Feeling the movement of time when movement itself ceases.
Time moves more slowly in an open space like Rannoch Moor. The moor sits in the cradle of Scotland’s Western Highlands. In every direction away from Rannoch Moor, the highland hills roll, tower, and drop. But the moor itself stretches across a vast, flat, boggy expanse, cut off from the rest of the world by the surrounding hills that stand on guard.
Rannoch Moor is known as one of the last great wildernesses of Western Europe, but it doesn’t feel like a wilderness. It feels desolate.
Ahead of our Friday departure from Scotland, Claire and I travelled to Rannoch Moor on Wednesday. A train took us across the moor into the empty heart of the highlands. We disembarked the train at Corrour Station, on the northern edge of the moor. Corrour is the highest and most remote train station in the United Kingdom. The station has a platform, a small station house, and nothing else. No roads connect Corrour to the outside world. There are just the train tracks and a single gravel path that heads east toward the hills.
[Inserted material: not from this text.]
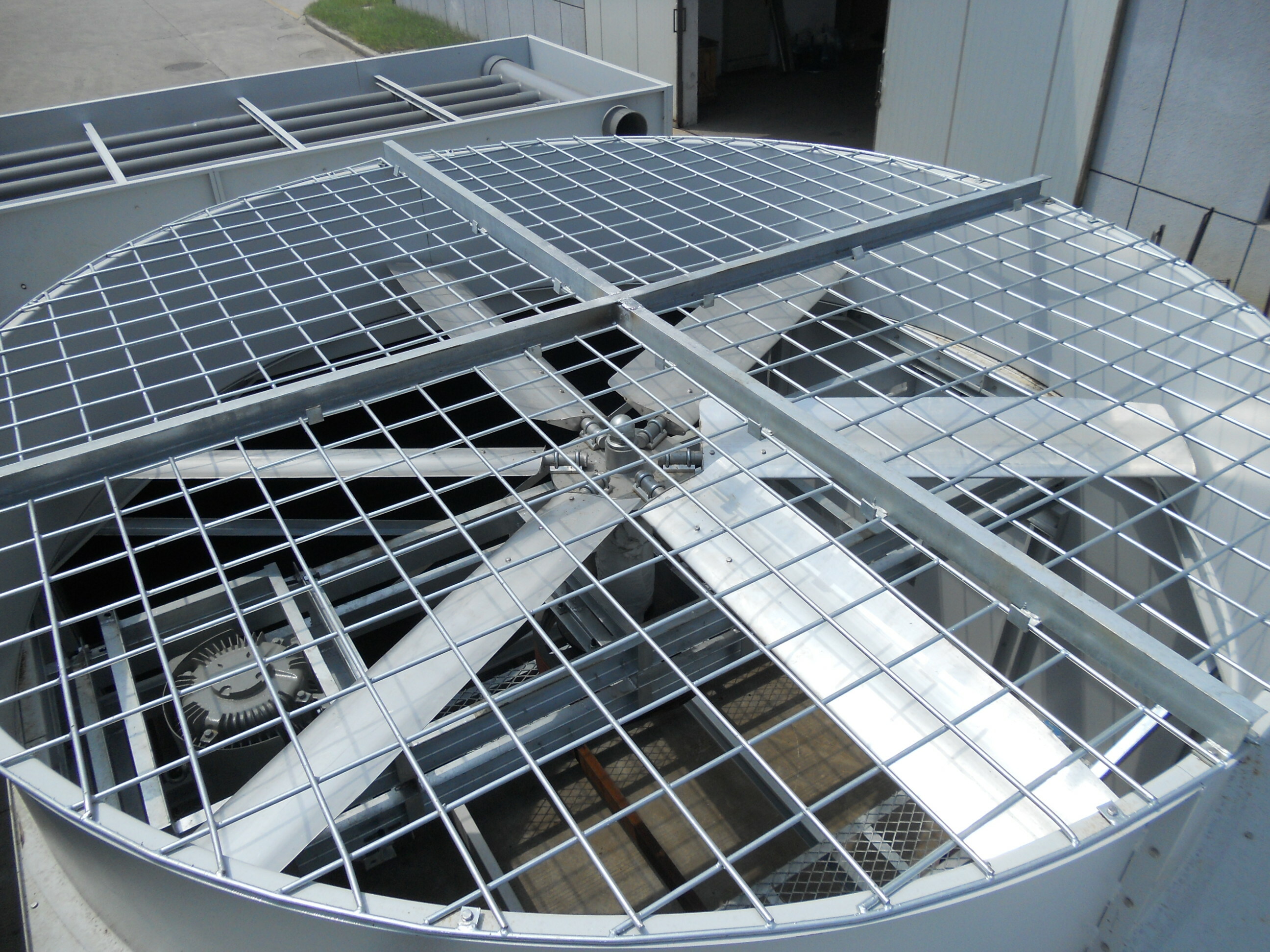 閉式冷卻塔風(fēng)機(jī)維修注意事項有哪些？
The moor’s boggy, sinking terrain can swallow wayward hikers, so all paths trace the hillsides around the edge of the boggy land. The first part of the hike took us upwards into the safety of the hillside above the moor. In the clear summer afternoon, the view stretched for at least 20km across the moor — to the UK’s highest mountain Ben Nevis in the northwest; to the staggering peaks of Glencoe in the southwest; to the lonely hills of Breadalbane in the south; to the “fairy hill” Schiehallion in the east, which scientists used to measure the weight of the earth in the 18th century.
But here laid emptiness — the flat expanse of the bog.
The greater part of the walk took us along the hillside, curving up and down, side to side, keeping the open moor to our right.
We measure time by change. When change comes quickly or easily, the hours feel short. When change comes slowly, the hours feel long. In a colorful city, a long walk feels short. In an open field, a short walk feels long. Walking along the emptiness of the moor, time stood still.
Free from time, we floated in the empty space of the highlands. The solstice sunlight stretched out for hours, filtering down through soft clouds, forgetting the time of day.
We reached the car around sunset and started the long drive home, feeling weary and peaceful. The solstice sun kept a warm light in the sky past midnight. As we drove through the interminable dusk, we passed a field of deer. The stags — there must have been ten — saw us before we saw them. With their eyes fixed on us, their antlers formed a row of overlapping inverted triangles on the horizon. “Those look like antlers,” I said. “They are,” said Claire. The herd turned away from the road and poured into the treeline, reminding us that time keeps moving.